He was barely 90 m above the airstrip when it happened: one of the jet’s engines suddenly went dead, spiralling the Hornet straight toward the pavement. “I applied full power,” Brian recalls. “I got full power out of the left engine and basically nothing out of the right. There really wasn’t a whole lot of time to think. When I saw the nose of the jet point at one of the big white tents at the airfield, I just thought: ‘I gotta get out.’ That’s when I pulled the handle and went for a ride.”

IMaj. Brian Bews ejected to safety during the 2010 Lethbridge air show. (Ian Martens/AP)
Bews ejected to safety during the 2010 Lethbridge air show. (Ian Martens/AP)

As the footage confirmed, it was the slimmest of escapes. Brian’s rocket-propelled ejection seat blasted out of the cockpit just 1.8 seconds before his jet smashed into the ground and burst into flames. “That wasn’t my day to go,” says the 42-year-old, now a major. “There were a lot of things that could have gone differently, so I’m just happy to be here.”
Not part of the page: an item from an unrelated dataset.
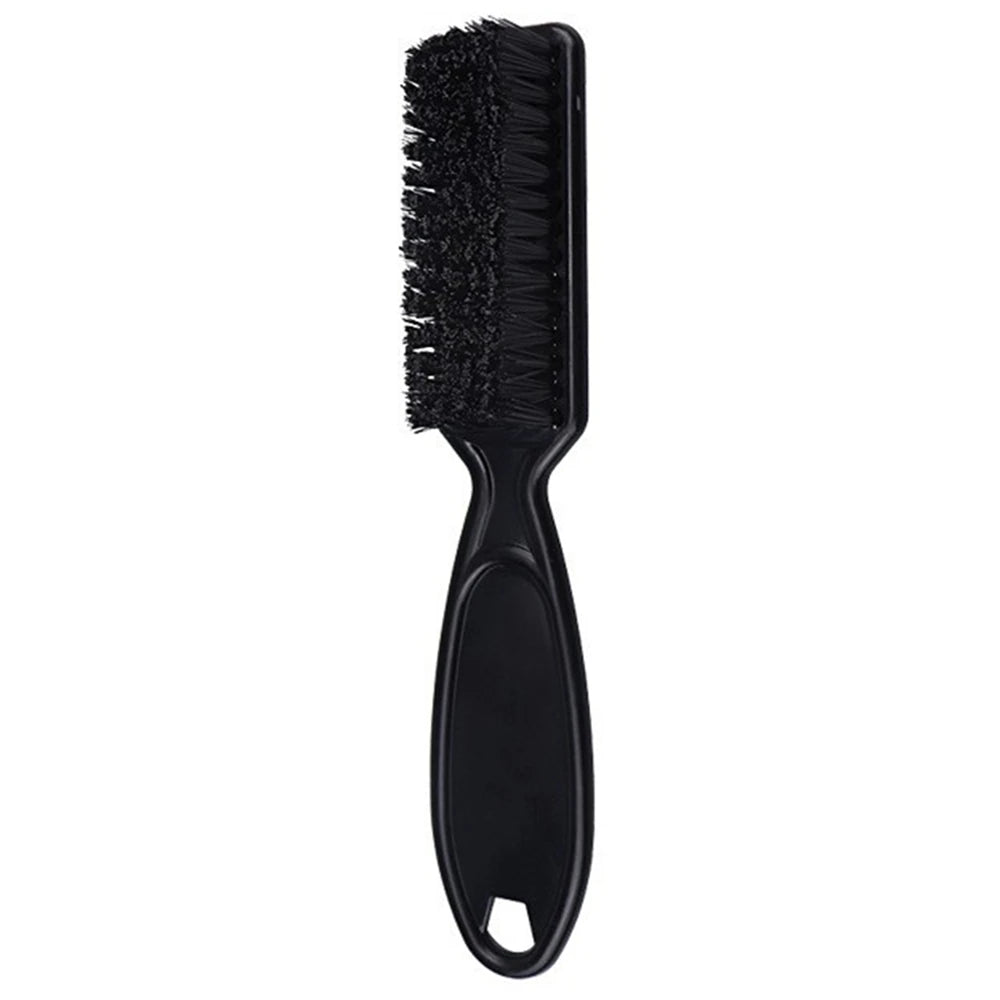 1pc Soft Bristles Brush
Today, Brian is stationed at CFB Moose Jaw, where he teaches the military’s next generation of CF-18 fighter pilots. Among his instructor duties is the ejection-seat training course. “I watch that video a lot,” he smiles. “The thing I teach my students is: when you’re strapping into an ejection seat, you need to plan on using it that flight. That’s the big takeaway. I really took the ejection seats for granted right up until that point.” — Michael Friscolanti

(Portrait by Derek Mortensen)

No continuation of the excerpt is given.